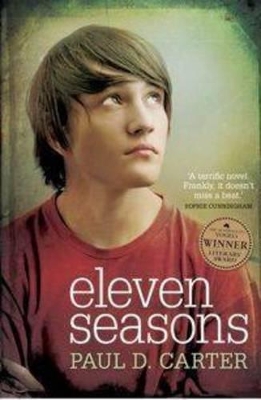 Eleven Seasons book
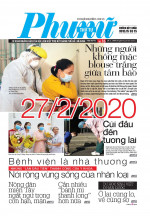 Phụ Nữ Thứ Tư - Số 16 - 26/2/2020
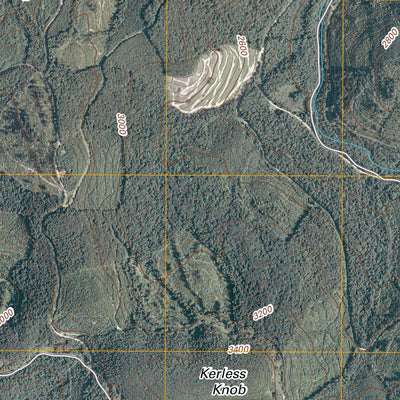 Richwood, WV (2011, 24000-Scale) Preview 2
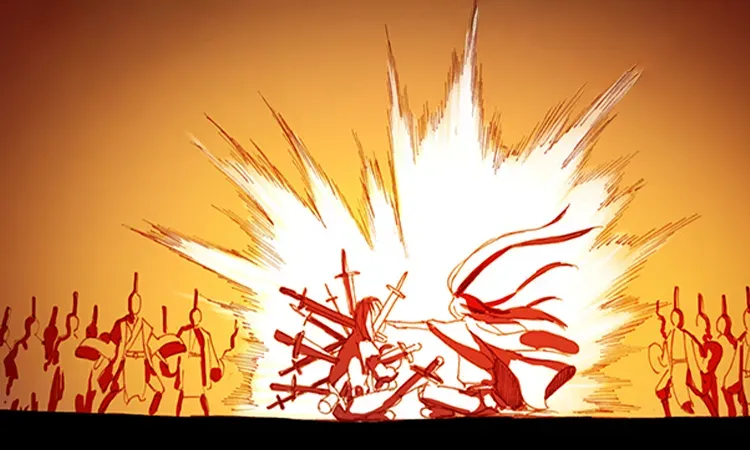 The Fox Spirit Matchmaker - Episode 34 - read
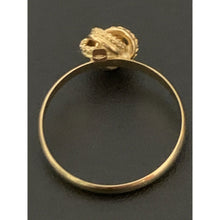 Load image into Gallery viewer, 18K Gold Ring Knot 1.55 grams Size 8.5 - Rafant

▬▬▬▬▬▬▬▬▬▬

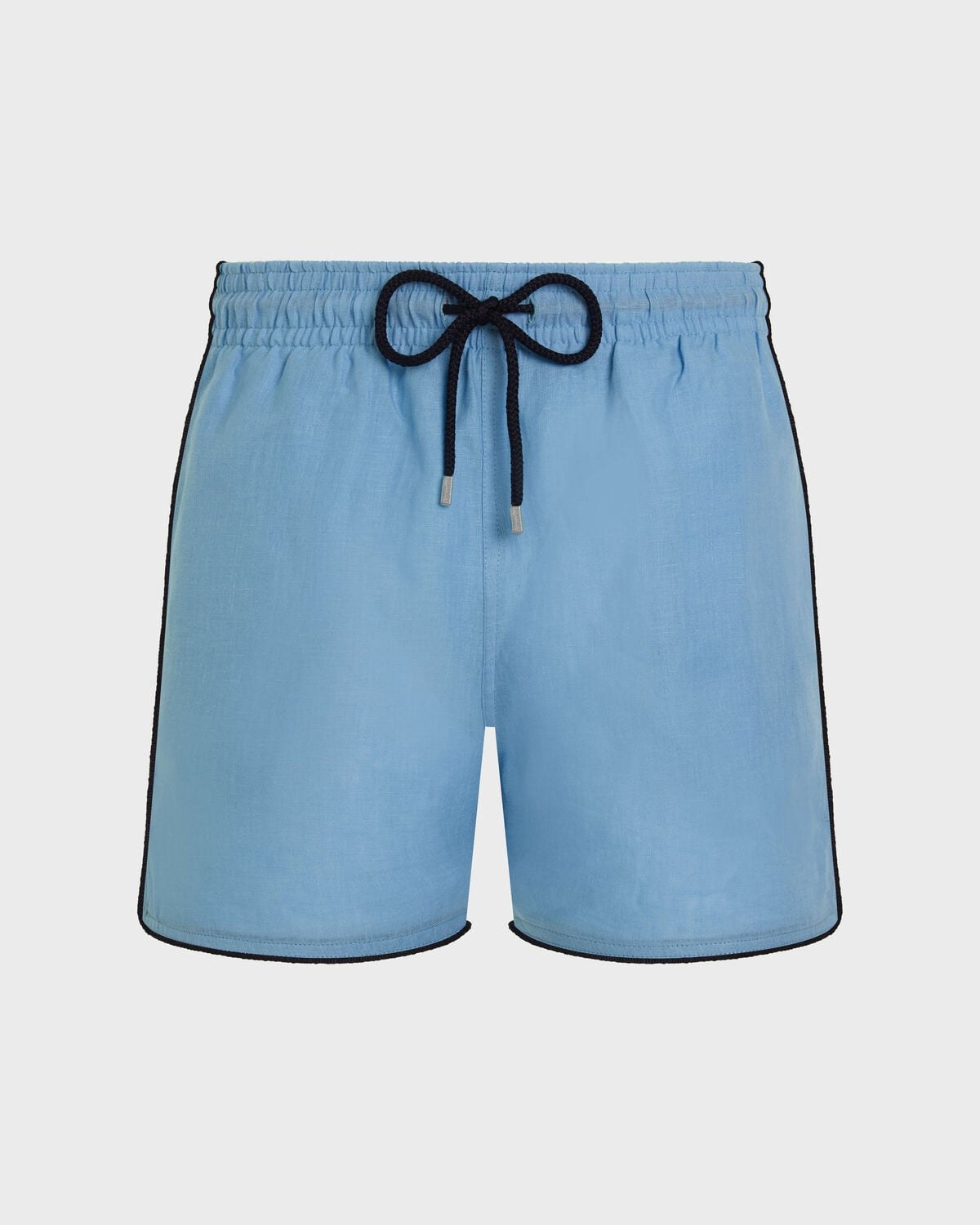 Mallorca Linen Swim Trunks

▬▬▬▬▬▬▬▬▬▬

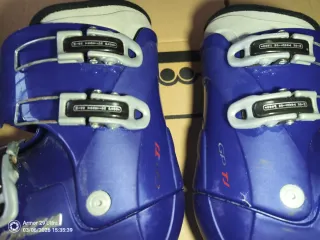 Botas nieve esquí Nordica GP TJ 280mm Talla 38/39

▬▬▬▬▬▬▬▬▬▬

- _About this task_:
Reproduce the listing above only between the lines holding "Eleven Seasons book" and "Load image into", inclusive. Every line must match exactly, and pictures are dropped.

- _Your response_:
 Eleven Seasons book
 Phụ Nữ Thứ Tư - Số 16 - 26/2/2020
 Richwood, WV (2011, 24000-Scale) Preview 2
 The Fox Spirit Matchmaker - Episode 34 - read
 Load image into Gallery viewer, 18K Gold Ring Knot 1.55 grams Size 8.5 - Rafant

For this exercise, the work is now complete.